Jakarta

Wuling Air ev Harus Waspada! BYD Racco Mobil Listrik Mungil dengan Jarak Tempuh Lebih Jauh Siap Masuk Indonesia!

M. Rafix | 26 Juli 2026, 22:00 WIB
Wuling Air ev Harus Waspada! BYD Racco Mobil Listrik Mungil dengan Jarak Tempuh Lebih Jauh Siap Masuk Indonesia!
Wuling Air ev terancam, BYD Racco siap masuk Indonesia dengan jarak tempuh lebih jauh dan desain kei car praktis.

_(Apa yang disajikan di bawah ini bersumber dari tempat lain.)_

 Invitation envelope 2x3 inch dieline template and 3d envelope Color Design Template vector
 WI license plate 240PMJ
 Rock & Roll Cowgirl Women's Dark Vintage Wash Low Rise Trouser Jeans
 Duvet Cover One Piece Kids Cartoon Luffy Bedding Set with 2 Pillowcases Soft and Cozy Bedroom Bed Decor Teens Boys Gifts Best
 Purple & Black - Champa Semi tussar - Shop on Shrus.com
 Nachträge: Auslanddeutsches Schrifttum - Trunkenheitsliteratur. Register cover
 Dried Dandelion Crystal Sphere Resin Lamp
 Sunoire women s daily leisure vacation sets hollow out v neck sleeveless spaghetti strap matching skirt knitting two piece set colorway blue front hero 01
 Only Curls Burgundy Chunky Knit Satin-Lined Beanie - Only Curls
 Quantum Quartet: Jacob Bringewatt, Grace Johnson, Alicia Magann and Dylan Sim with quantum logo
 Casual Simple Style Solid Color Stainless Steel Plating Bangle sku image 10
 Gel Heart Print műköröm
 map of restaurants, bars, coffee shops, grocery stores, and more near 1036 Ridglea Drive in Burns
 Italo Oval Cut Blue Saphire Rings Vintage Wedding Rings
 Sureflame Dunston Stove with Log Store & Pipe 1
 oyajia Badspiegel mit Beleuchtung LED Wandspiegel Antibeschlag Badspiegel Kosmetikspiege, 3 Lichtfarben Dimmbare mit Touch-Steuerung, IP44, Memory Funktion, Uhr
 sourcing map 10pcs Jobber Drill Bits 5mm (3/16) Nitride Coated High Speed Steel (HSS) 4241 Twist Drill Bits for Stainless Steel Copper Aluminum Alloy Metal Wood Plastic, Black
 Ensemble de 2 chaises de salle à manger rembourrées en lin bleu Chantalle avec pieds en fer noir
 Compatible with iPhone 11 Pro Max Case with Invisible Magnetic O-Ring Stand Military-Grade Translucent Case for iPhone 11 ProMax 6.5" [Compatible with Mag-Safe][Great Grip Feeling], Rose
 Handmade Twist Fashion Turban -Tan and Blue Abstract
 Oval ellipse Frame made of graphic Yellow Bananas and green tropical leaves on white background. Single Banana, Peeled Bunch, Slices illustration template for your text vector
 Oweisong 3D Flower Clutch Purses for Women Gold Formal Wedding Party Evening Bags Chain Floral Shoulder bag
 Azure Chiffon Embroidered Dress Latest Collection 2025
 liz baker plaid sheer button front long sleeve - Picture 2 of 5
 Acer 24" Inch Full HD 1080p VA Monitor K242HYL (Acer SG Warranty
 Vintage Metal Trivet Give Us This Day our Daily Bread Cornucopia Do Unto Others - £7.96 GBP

AKURAT JAKARTA - Wuling Air ev selama ini dikenal sebagai pionir mobil listrik mungil di Indonesia. Namun, posisi tersebut kini terancam oleh hadirnya BYD Racco, sebuah kei car listrik yang baru saja diperkenalkan di Jepang dan digadang-gadang siap masuk ke pasar Indonesia. Judul ini bukan sekadar peringatan, melainkan gambaran nyata bahwa persaingan di segmen mini EV akan semakin sengit. Racco membawa keunggulan yang bisa membuat konsumen menoleh, terutama pada aspek jarak tempuh yang lebih panjang dibandingkan Air ev.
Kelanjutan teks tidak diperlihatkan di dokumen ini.